Importantly the event is not just about the emotions of infertility. For Christian’s there is a very real and deep impact that this can have on faith. Sonya’s research throws up some interesting and helpful insights into how the bible relates to infertility. It challenges what is probably the widely understood yet simplistic readings of stories such as Sarah and Abraham and Hannah. “what is interesting is these infertile women disappear from scripture as soon as they have given birth. Clearly the patriarchal world of the Old Testament is interested in genealogy and lineage so that Jesus is shown as the rightful messiah. But interestingly once we get to the New Testament we find that doxology replace genealogy, we see Anna at the temple who must have been childless to devote herself to the temple, even though her womb was empty her arms carry the Christ child. There is a shift from the Old Testament dependance on heirs for idenitity to the New Testament where we see a sole dependance on the figure of Christ.”
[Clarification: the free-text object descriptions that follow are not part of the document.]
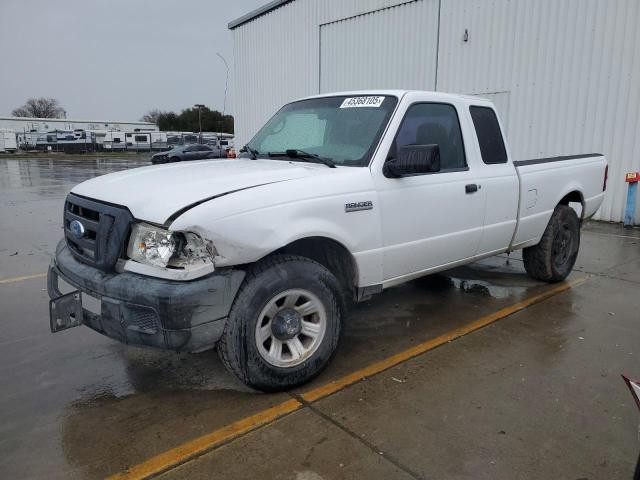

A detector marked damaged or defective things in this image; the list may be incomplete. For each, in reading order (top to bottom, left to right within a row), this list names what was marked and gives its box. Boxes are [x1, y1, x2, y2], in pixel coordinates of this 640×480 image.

crumpled hood [71, 158, 320, 224]
broken headlight [126, 222, 214, 268]
damaged front bumper [48, 242, 245, 350]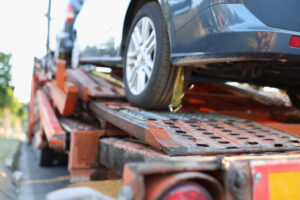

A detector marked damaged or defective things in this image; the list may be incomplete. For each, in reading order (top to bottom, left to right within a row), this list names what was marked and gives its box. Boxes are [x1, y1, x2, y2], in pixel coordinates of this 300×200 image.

rusty metal ramp [89, 101, 300, 156]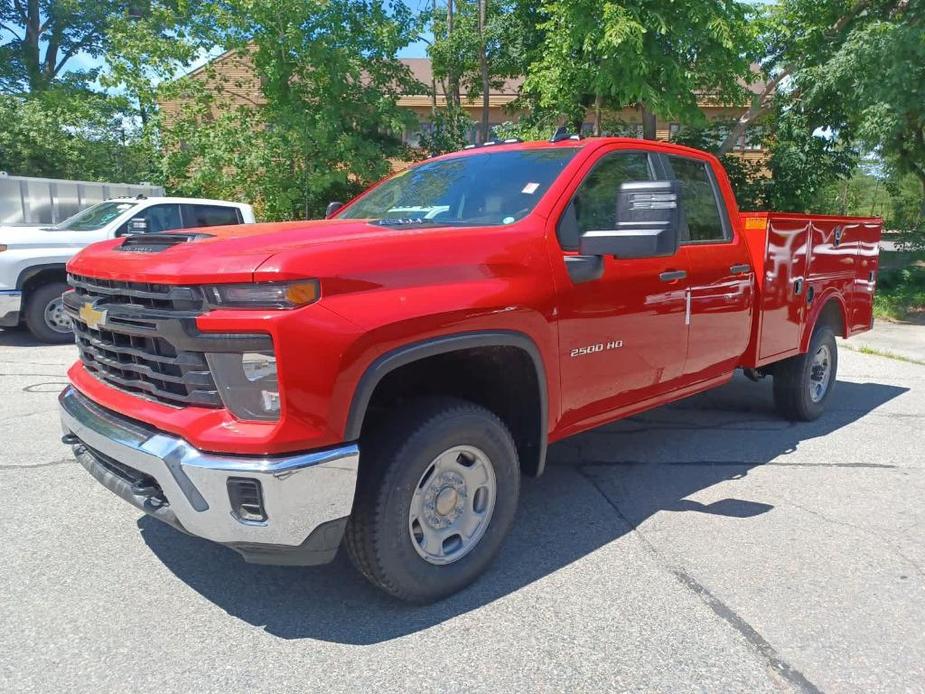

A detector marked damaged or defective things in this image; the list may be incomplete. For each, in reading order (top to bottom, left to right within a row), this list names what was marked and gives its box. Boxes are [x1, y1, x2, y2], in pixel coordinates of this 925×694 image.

pavement crack [576, 468, 824, 694]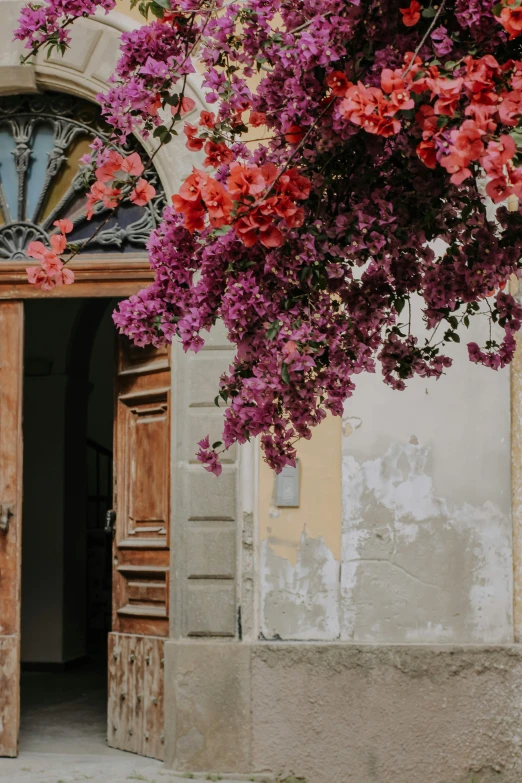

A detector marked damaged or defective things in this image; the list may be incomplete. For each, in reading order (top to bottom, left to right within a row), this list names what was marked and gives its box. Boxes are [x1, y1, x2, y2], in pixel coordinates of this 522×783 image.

peeling paint on wall [258, 532, 340, 644]
peeling paint on wall [340, 440, 510, 644]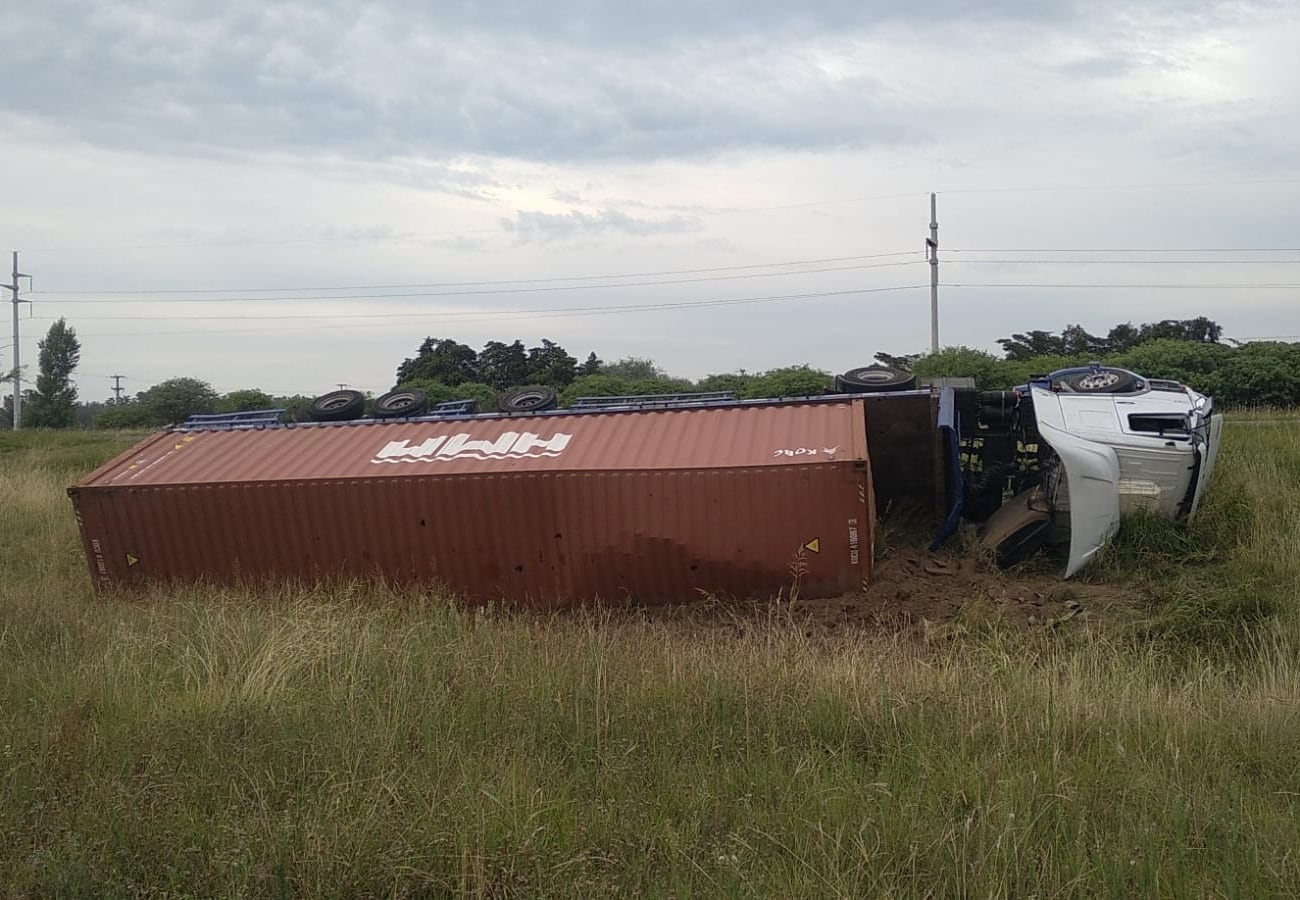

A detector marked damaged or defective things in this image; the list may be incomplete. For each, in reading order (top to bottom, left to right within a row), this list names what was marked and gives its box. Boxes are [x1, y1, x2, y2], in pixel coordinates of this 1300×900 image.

Sonya will helpfully explore some of that theology  - research that is practically unique  - at the event to help build an understanding that this can be a vocation on our lives. To remain faithful through the pains and heartaches of infertility.  “This is my baby” concludes Sonya ”it is such a privilege to be able to help equip others on this journey because I now know that God is not unfaithful because I am not pregnant”.

it is such a privilege to be able to help equip others on this journey because I now know that God is not unfaithful because I am not pregnant”.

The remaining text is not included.